Estas são duas discussões a que fomos convocados discutir na reta final do Orçamento do Estado, por via da proposta, aceite pelo Parlamento, de reversão do corte extraordinário, mas ao contrário daquilo que alguns defendem, estas discussões não devem ser confundidas e, por isso, neste artigo irei me focar na justiça, ou não, do corte extraordinário e o seu papel.
Falemos do corte. Aplicado desde 2010, esta foi uma das várias leis implementadas por José Sócrates com o objetivo de emendar a mão dos erros e dos buracos nas contas públicas nacionais. Assim, a partir de 1 de junho de 2010, quer os titulares de cargos políticos, desde o Presidente da República aos vereadores a tempo inteiro, mas também, os gestores públicos executivos e não executivos têm um corte de 5% da sua remuneração base ilíquida. Este corte teve um objetivo: sinalizar os sacrifícios que aí vinham e transmitir que também os titulares de cargos políticos e gestores públicos teriam de dar o exemplo, independentemente, de isso não se traduzir em receitas significativas. Era uma medida, em grande parte, simbólica.

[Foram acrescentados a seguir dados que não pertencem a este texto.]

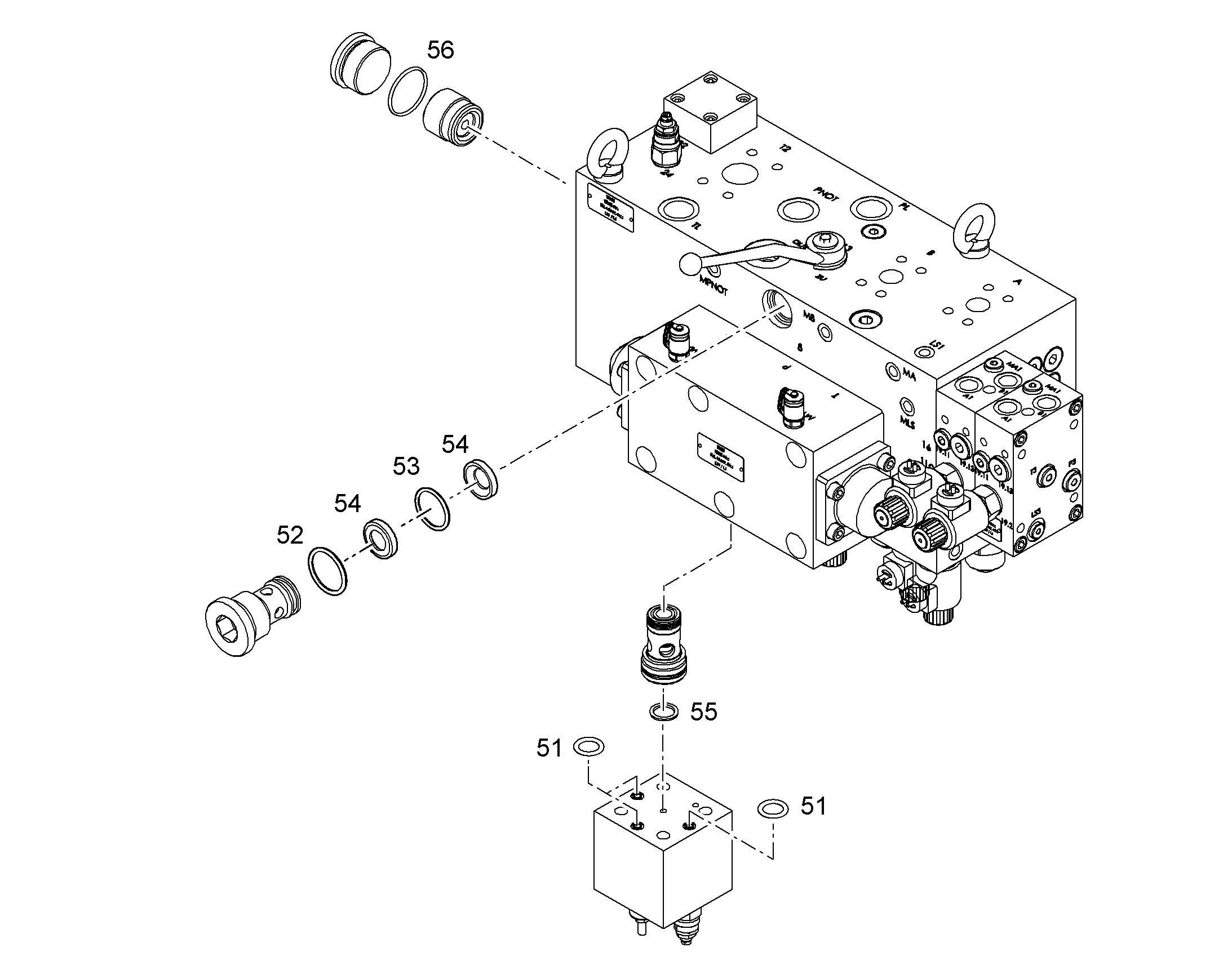 ЗАЩИТНОЕ КОЛЬЦО 27,5/24,1X1,0 10800684 LIEBHERR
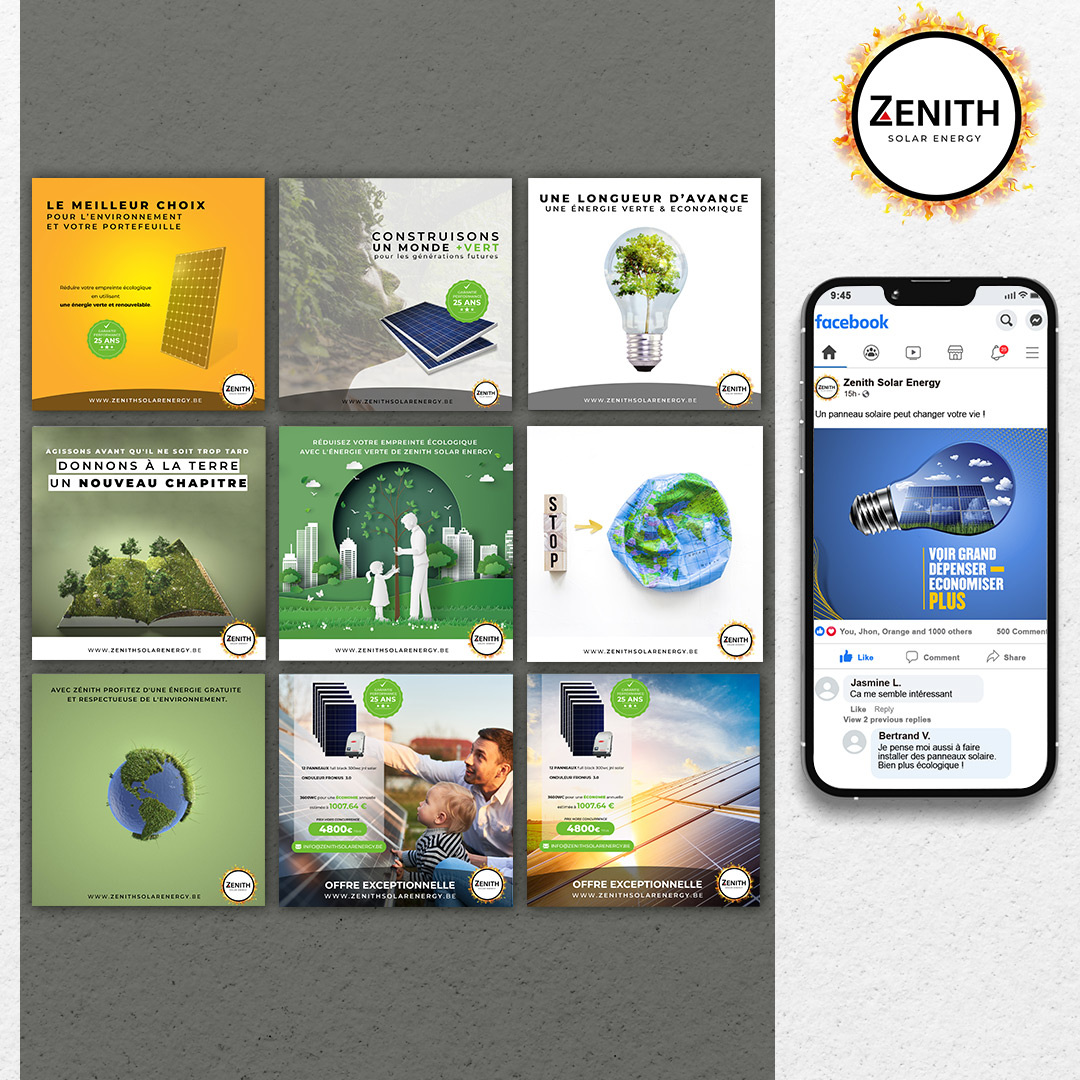 Zenith-Solar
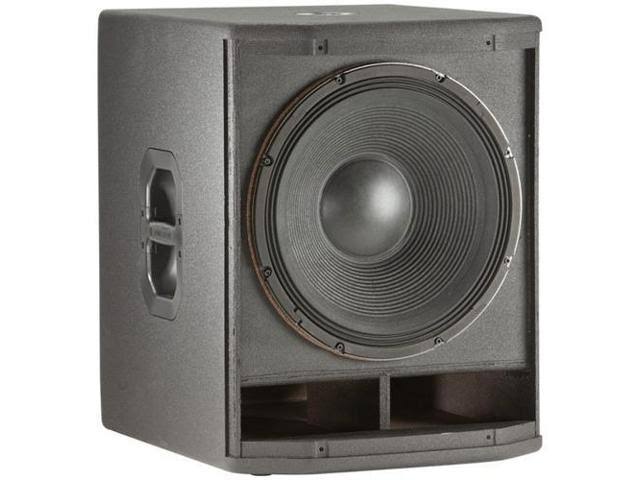 18x22 Passive Subwoofer Speaker Z6665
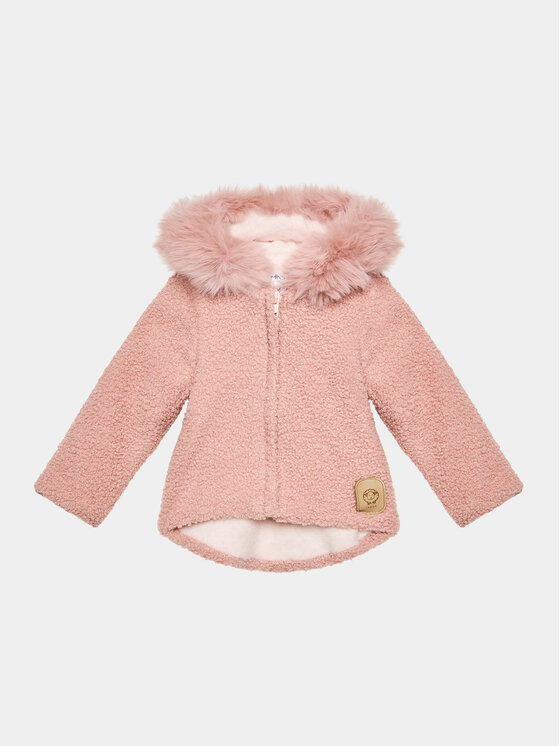 Jamiks Geacă Cirilla JZG244 Roz Regular Fit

Importa então perguntar: Ainda se justifica esse simbolismo?
Muito se fala de este “ser o último corte salarial” que persiste da crise económica e financeira que levou à intervenção da Troika, mas se isso é verdade, importa mencionar também que há medidas, bem mais prejudiciais para a nossa economia e a nossa sociedade que os cortes salariais em funções públicas, políticas ou não.

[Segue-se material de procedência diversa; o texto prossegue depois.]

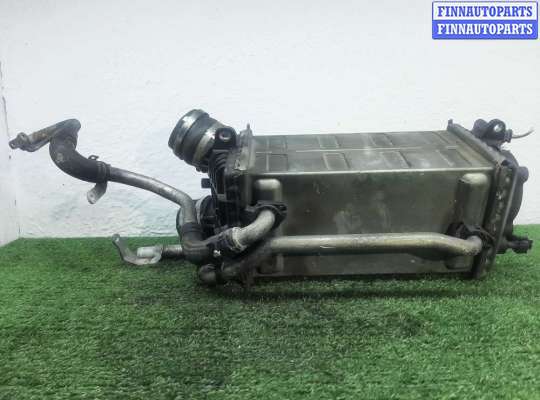 купить Радиатор интеркулера на Mercedes E-klasse (W212) 2009 - 2013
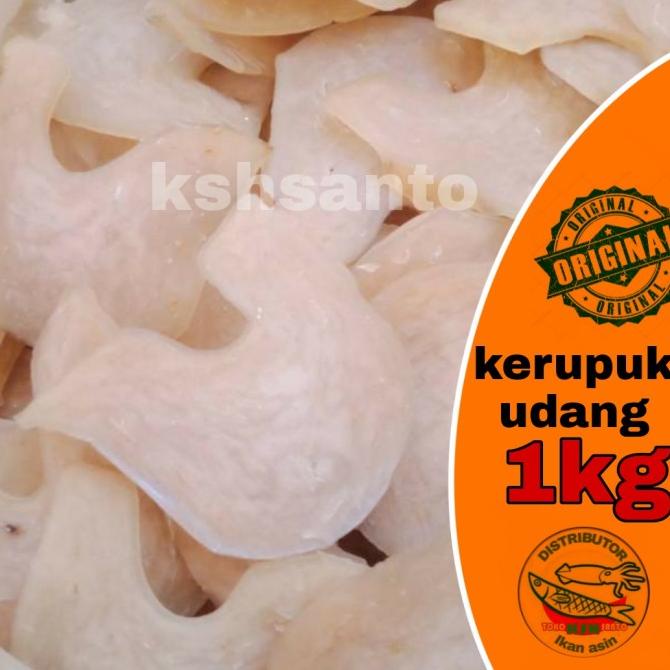 

Kerupuk Udang Netto-1Kg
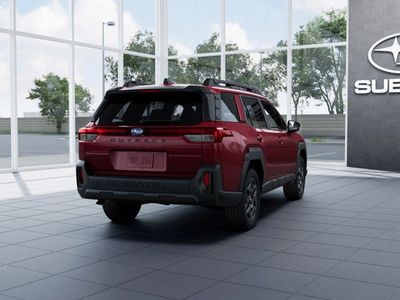2026 Subaru OUTBACK — detail view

Nessa mesma lei que implementou o corte, foi introduzido um aumento das taxas de IVA, um aumento que atualmente é praticamente impossível de reverter pois representaria uma diminuição de receita que muitos diriam ser impossível de sustentar para o nosso nível de despesa corrente atual. Outro exemplo, – este que me é muito caro enquanto liberal – foi nesse mesmo diploma legal que se instaurou a Derrama Estadual de IRC. O adicional ao imposto sobre os lucros das empresas que tornou o imposto progressivo, inflacionou a taxa estatutária máxima do imposto, prejudicando a competitividade fiscal da economia nacional e que se transformou num corte permanente na nossa economia, porque tornou-se impopular propor a sua revogação.
Por estes motivos, acredito que sim, faz sentido manter o corte extraordinário dos salários dos titulares de cargos políticos, porque esse corte simboliza todos os sacrifícios impostos e que ainda se mantêm sem uma justificação que não seja a dependência do Estado no nível atual de receita fiscal que bate recordes. Desta forma, a cada vez que um decisor político receber o seu salário, terá um lembrete de que ainda existem medidas, para além desse corte, que afetam o país e os portugueses acima daquilo que representa estes 5%.
Outra discussão, igualmente relevante, mas diferente, é o nível e a forma de atualização dos salários dos titulares de cargos políticos. Sobre este ponto, importa fazer uma reflexão mais profunda, mas devo referir que os titulares de cargos políticos que agora estejam a exercer, todos eles, fazem, ou, pelo menos, deveriam fazer, as contas à sua remuneração sem contar com os 5% do corte, é o normal, considerando que persiste há 14 anos. Dessa forma, o corte é paralelo a tudo o resto que podemos abordar sobre a remuneração dos políticos.
Importa não confundir a manutenção do corte na remuneração dos titulares de cargos políticos e gestores públicos com aquilo que é a necessidade de refletir sobre o nível e a atualização das remunerações dos titulares de cargos políticos. Porque se é verdade que devem ser justamente remunerados para que se atraiam os melhores, por outro lado, não podemos esquecer que ainda hoje os portugueses e a economia nacional sofrem com as ações do passado e que não podemos esquecer da sua existência.